Palm OS Market Share Rises in Second Half of '02
PalmSource today announced that Palm Powered handhelds and smartphones strengthened their position in the retail market during the second half of 2002, according to sales figures just released in the United States and Europe. Palm OS devices continue to lead in U.S. retail, enterprise, and smartphones, and are gaining share in the European market, according to industry analysts.

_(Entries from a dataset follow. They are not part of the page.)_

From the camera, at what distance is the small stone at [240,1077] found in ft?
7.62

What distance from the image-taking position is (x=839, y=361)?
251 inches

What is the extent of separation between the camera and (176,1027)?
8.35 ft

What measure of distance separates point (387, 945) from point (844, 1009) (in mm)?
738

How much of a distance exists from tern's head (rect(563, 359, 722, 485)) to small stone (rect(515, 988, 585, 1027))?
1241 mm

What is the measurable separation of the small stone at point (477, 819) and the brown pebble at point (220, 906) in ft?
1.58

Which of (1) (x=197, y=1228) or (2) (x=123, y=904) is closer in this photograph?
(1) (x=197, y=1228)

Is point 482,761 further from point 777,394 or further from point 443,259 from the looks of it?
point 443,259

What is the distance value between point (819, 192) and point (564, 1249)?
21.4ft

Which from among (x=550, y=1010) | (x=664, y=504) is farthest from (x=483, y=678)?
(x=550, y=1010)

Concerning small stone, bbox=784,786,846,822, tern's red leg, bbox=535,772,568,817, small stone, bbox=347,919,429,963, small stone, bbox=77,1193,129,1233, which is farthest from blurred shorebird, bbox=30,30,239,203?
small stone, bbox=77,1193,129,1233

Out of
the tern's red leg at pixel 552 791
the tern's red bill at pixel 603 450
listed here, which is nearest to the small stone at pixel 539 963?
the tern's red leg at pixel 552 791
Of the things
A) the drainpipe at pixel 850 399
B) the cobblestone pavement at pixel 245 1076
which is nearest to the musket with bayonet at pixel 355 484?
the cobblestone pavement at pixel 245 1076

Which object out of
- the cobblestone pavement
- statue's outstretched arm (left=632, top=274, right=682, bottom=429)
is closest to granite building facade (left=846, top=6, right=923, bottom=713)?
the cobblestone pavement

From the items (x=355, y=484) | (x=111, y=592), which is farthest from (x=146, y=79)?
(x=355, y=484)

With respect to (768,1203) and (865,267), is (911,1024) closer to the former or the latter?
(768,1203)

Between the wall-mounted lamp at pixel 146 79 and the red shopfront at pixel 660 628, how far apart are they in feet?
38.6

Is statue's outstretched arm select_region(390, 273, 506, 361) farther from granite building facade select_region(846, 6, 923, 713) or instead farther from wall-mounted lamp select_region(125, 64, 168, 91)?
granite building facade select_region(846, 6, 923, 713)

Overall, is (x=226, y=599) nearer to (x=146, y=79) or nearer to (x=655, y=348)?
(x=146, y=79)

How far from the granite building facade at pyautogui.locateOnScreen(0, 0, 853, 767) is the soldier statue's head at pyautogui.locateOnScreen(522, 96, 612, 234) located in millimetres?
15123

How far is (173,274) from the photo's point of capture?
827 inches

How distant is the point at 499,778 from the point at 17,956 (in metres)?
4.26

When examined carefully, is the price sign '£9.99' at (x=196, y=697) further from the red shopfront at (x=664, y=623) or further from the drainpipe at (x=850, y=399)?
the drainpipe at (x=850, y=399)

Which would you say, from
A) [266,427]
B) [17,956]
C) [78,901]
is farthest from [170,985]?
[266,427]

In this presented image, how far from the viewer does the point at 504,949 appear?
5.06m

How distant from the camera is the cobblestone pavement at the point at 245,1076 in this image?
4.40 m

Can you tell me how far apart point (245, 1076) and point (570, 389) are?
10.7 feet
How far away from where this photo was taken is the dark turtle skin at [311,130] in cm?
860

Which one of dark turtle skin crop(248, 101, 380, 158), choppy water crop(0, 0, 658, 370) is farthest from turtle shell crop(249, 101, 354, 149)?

In European retail sales, Palm Powered handhelds - those that use the Palm operating system - had strong share gains from a year ago, while in the U.S., Palm Powered handhelds maintained share despite increased competition. Palm Powered handhelds also gained share among enterprise resellers, and manufacturers of Palm Powered smartphones were three of the top six smartphone companies worldwide.
Gaining Share in Europe
According to the October-November 2002 sales report from GfK Marketing Services, retail share in Europe of Palm Powered systems rose as PalmSource's licensees released new products and shipped Palm OS 5, the newest version of the Palm operating system. In Germany, share of Palm Powered mobile devices in October-November increased eight points from a year ago, from 50 percent to 58 percent. In France, share of Palm Powered mobile devices increased 12 points, from 52 percent to 64 percent. In the United Kingdom, share of Palm Powered mobile devices increased by eight points, from 42 percent to 50 percent.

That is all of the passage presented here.